For those that don’t know, I head the investment team at IPS Capital. Each week I highlight a few things that have come across my desk that I think are interesting and investment related. We always welcome dialogue so if you have any questions we’ll be happy to answer them here too.
This week I attempt to answer the timeless question: are older people better than younger people? Believe it or not, it was looking at the opportunity in European equities that got me thinking about this. I’ll do my best to explain why below, but this started with some good news on European energy production that came across my desk this week.
Wind and solar energy is now generating more energy than gas in the European Union for the first time ever (as you can see in the chart below). It’s a similar story in the UK where around 45% of energy now comes from solar, wind, biomass and hydropower. When you add in the 15% that nuclear energy generates we are actually doing a bit better than the Europeans with 60% coming from non-fossil fuel sources today. This is an incredible improvement from 20 years ago when renewable power generation was close to zero. We continue to like and hold our investments in renewable energy providers.

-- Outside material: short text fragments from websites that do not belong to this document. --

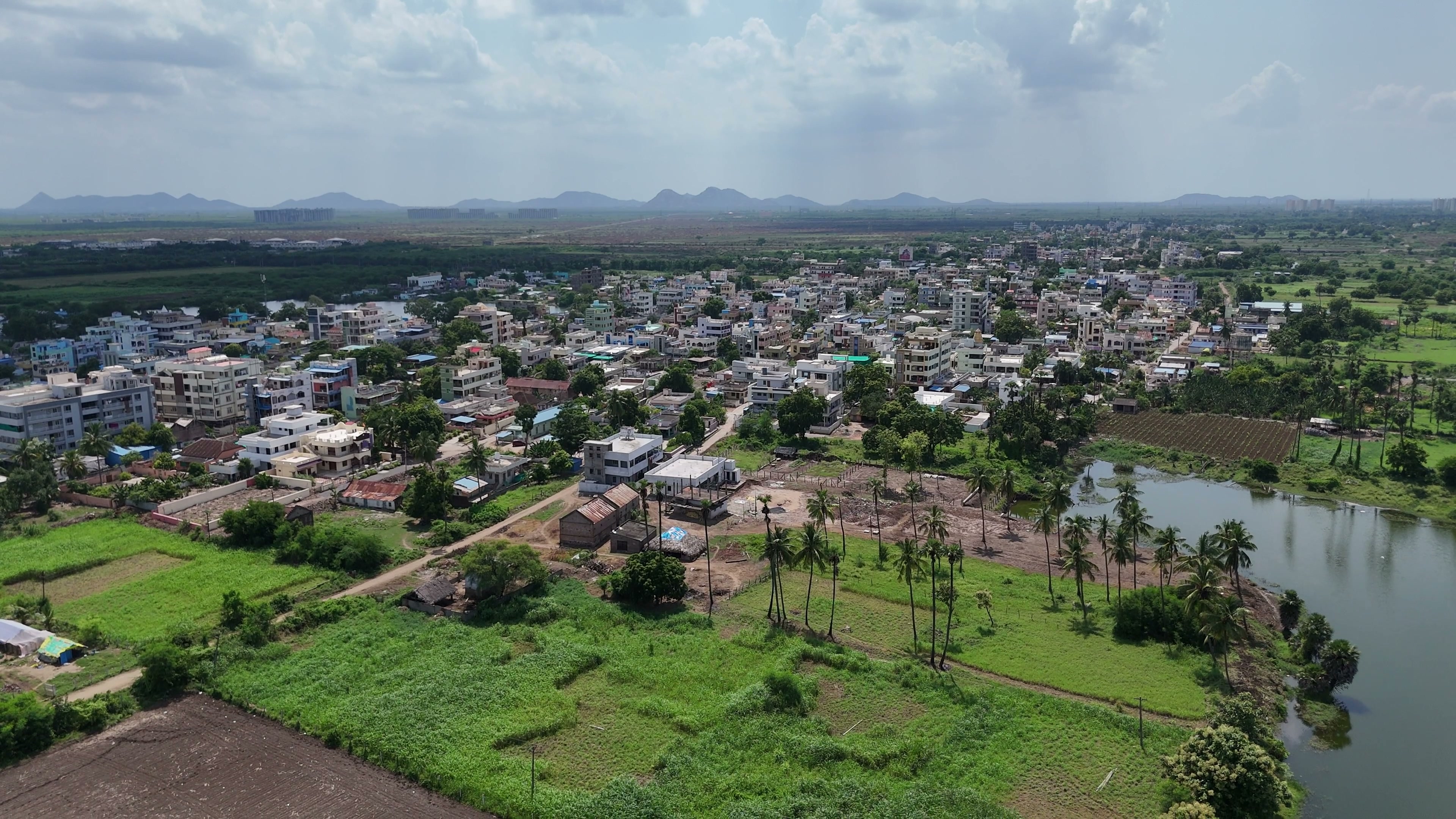 Vijayawada drone clip 037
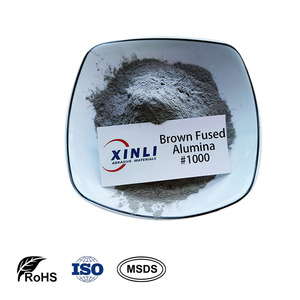 1000 bột giá bán buôn Nâu hợp nhất alumina siêu mịn mài mòn sản xuất tại Trung Quốc cho ống kính quang học cuối cùng đánh bóng - Product Image 4
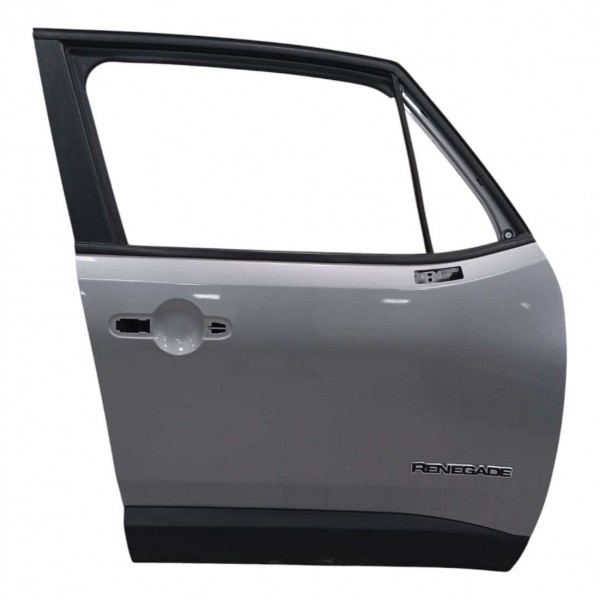 Porta Lata Dianteira Direita Jeep Renegade 2018 Dianteira Direita Cinza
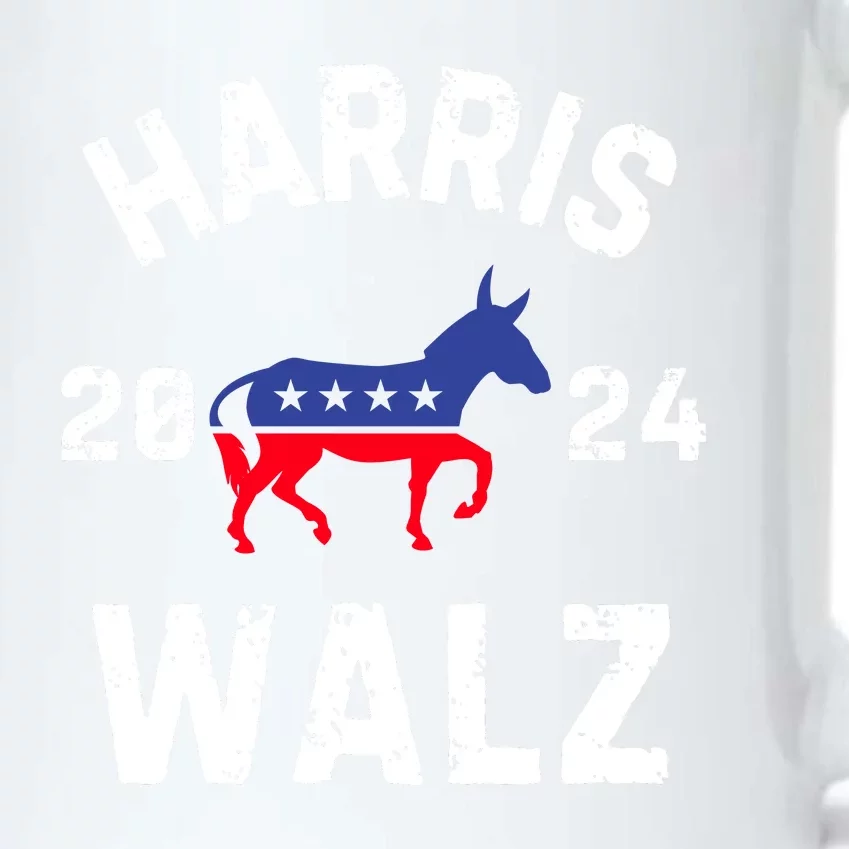 Harris Walz 2024 Election Kamala Harris Tim Waltz 2024 Black Color Changing Mug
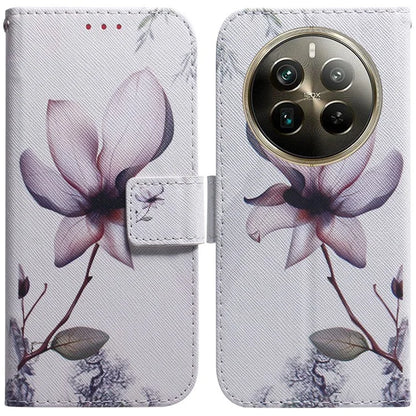 For Realme 12 Pro 5G / 12 Pro+ 5G Leather Case Pattern Printing Protective Phone Cover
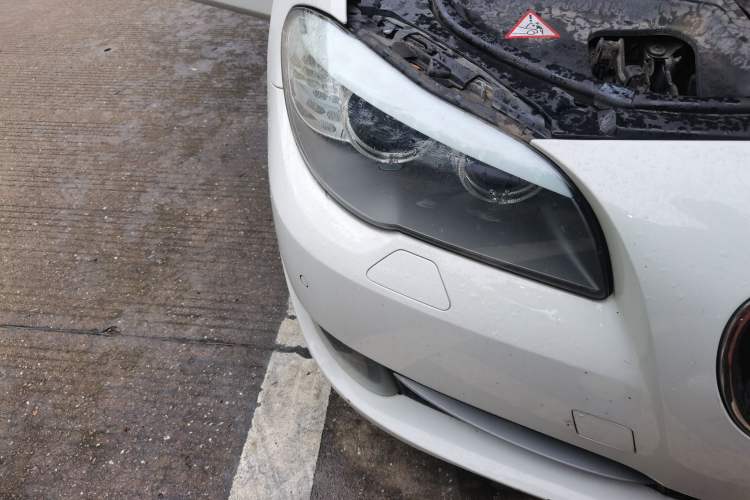 Used BMW 5 Series 2013 530Li Leading Model Right Front Headlight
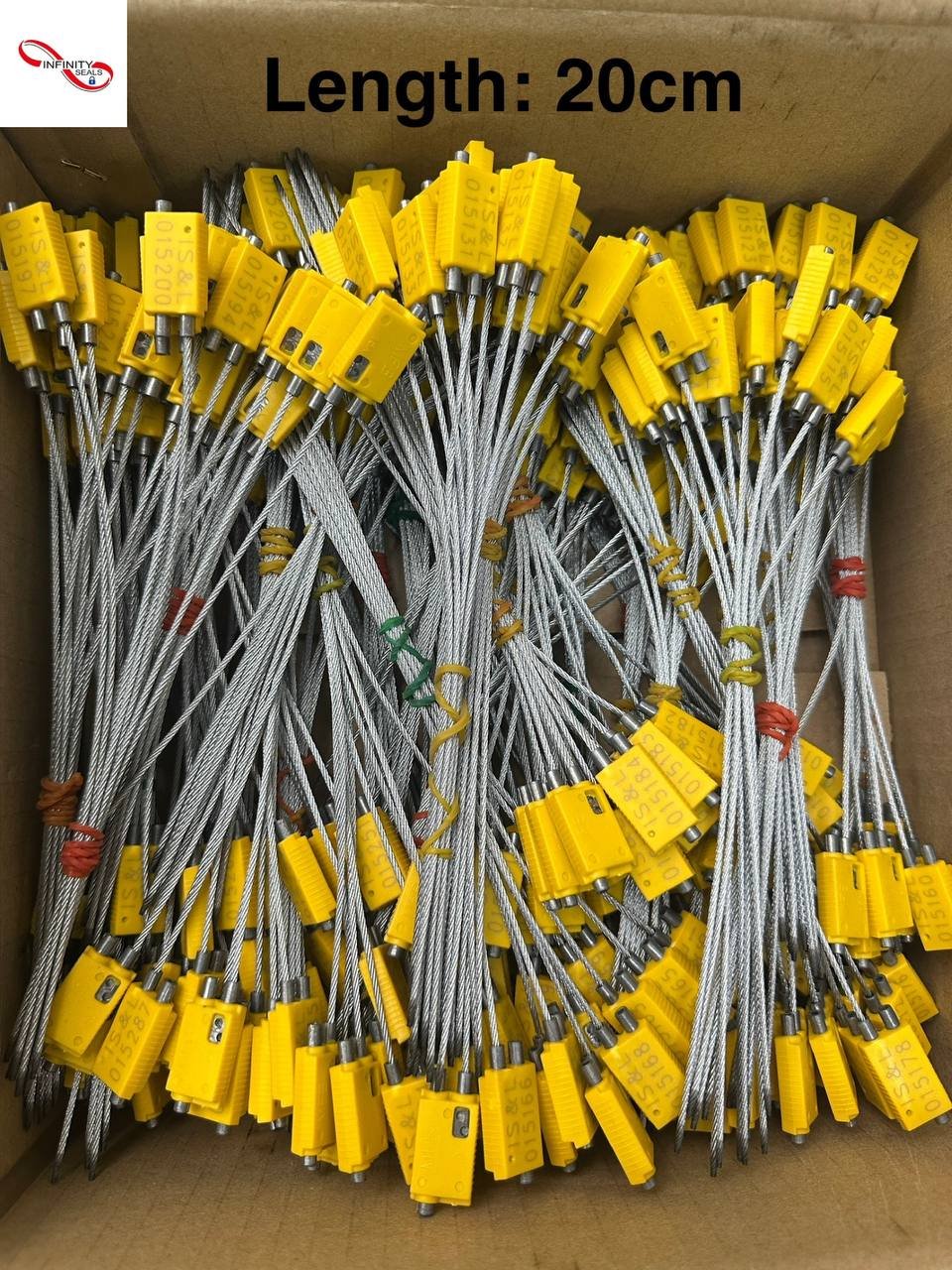 Infinity Seals & Locks提供全系列安全封条，广泛应用于油罐车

This improvement in renewable energy production is, as I have written before, one reason why Europe has been able to withstand the cutting off of Russian gas supplies much better than many expected 6 months ago and has been a driver of the recent bounce we have seen in European equity markets. How much is this a contra-trend rally and how much the start of something new? First, the underperformance of Europe (and I am including the UK here) when compared to the US really is something to behold. Here is the underperformance of Europe relative to the US since 2007:
The main point to understand from this chart is that this under-performance has not been irrational. US companies have simply made more money (on average) than European ones over the last 15 years. As earnings rise, so do equity prices. A second effect is that investors (rationally) start to pay higher prices for this better growth. Prices paid for lower growth European stocks fall and a valuation gap opens up. You can see this gap in the (equal sector weighted) relative valuation of US and European equities today.
Whenever you see a long trend like this, the question is what might make it reverse? One thing I would point to is that much of the US out-performance of the last 15 years has come from a handful of US technology giants. The chart below shows the earnings of Facebook, Amazon, Apple, Microsoft and Google (FAAMG) relative to the rest of the US market. Interestingly, in the last 12 months these earnings finally look to have reached their limit. As they have fallen so European earnings have done relatively better and European equities have started to recover some of their lost ground. With valuations where they are this recovery looks like it might have some legs and we added to our European equity positions earlier in the year.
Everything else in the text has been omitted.